The Lazy Man’s Guide To Mulled Wine

For what hot, sweet wine punch cannot cure, there is no cure. 

Mulled wine is a traditional hot, spiced wine made during the sad and cold winter months. It makes you warm, and in large enough quantity, drunk. Jewish Queen of the WASPy Hamptons, Ina Garten, has an absolutely fantastic recipe for mulled wine that calls for a rich Cabernet Sauvignon, ¼ cup of Manuka Honey and the zest of a blood orange.

But what if you don’t want to go shopping or spend a week’s paycheck on bee-food flown in from New Zealand? What if you want to be cozy and dozy and drunk on hot vino pronto? We do, which is why we’ve penned The Lazy Man’s Guide To Mulled Wine. As it turns out, you can make a decent steamy alcohol punch with only the ingredients spoiling in your refrigerator. It may not have Ina’s mazeltov, but it will drown your winter blues.
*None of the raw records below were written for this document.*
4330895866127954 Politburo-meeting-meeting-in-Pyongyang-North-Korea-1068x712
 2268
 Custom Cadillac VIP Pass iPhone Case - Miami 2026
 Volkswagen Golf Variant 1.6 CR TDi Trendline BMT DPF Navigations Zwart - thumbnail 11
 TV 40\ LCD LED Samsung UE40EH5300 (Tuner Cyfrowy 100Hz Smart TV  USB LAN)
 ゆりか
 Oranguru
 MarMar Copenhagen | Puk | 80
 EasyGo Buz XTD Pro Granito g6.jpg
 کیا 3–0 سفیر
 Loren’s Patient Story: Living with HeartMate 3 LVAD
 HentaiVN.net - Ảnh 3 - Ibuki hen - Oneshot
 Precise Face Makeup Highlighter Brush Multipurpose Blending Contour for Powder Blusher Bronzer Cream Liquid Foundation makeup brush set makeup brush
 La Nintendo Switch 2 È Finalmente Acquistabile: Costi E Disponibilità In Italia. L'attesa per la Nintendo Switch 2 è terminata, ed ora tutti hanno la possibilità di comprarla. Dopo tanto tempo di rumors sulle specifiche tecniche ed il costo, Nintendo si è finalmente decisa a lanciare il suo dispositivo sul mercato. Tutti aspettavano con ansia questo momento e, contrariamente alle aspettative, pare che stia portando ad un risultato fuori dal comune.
1.     You do not need a rich Cabernet Sauvignon. You don’t even need a Cabernet. (Or a bottle.) Are only restrictions are thus: it has to be red wine, and it has to be wine, not “wine product.” Franzia is absolutely fine, and we can see the bag behind the cereal on top of your refrigerator. Try for one bottle’s worth.

2.     Ina recommends you add apple cider. If you have some, great. You know what also works? Iced tea, for a bit of tannin-y goodness. Throw some Lipton bags in a bot of boiling water and use four cups of it in your SHWD (Steaming Hot Wine Drink).

3.     Honey is organic and beautiful and golden but sugar is also sweet, so, use that. Brown or raw sugar is best, but white will do.

4.     Ina loves cinnamon sticks for both their beauty and delicate scent. We love ground cinnamon because you probably have some from the one-time you made banana bread. Shake about a teaspoon into your wintry mix.

5.     Ideally, you would zest and juice one beautiful, sun-kissed orange. Here’s what you actually have: some aging Tropicana and a soft lemon. Splash ¼ cup of OJ in, and zest half the lemon.

6.     Good mulled wine has spicy bits, like whole cloves, star anise and bits of nutmeg. Our good-enough-to-imbibe-but-just-barely version makes use of whatever sweet powdered spices you have in the cabinet—think of anything you’d put in pumpkin pie. These are sometimes combined into “allspice” or “pumpkin pie spice,” or for a truly horrifying measure, you could see if the Starbucks down the block has a leftover jug of Pumpkin Spice Syrup.

7.     Combine everything in a pot, and simmer for ten minutes, then pour into mugs, learn a couple of wassailing tunes and get all kinds of Wine Soup Drunk.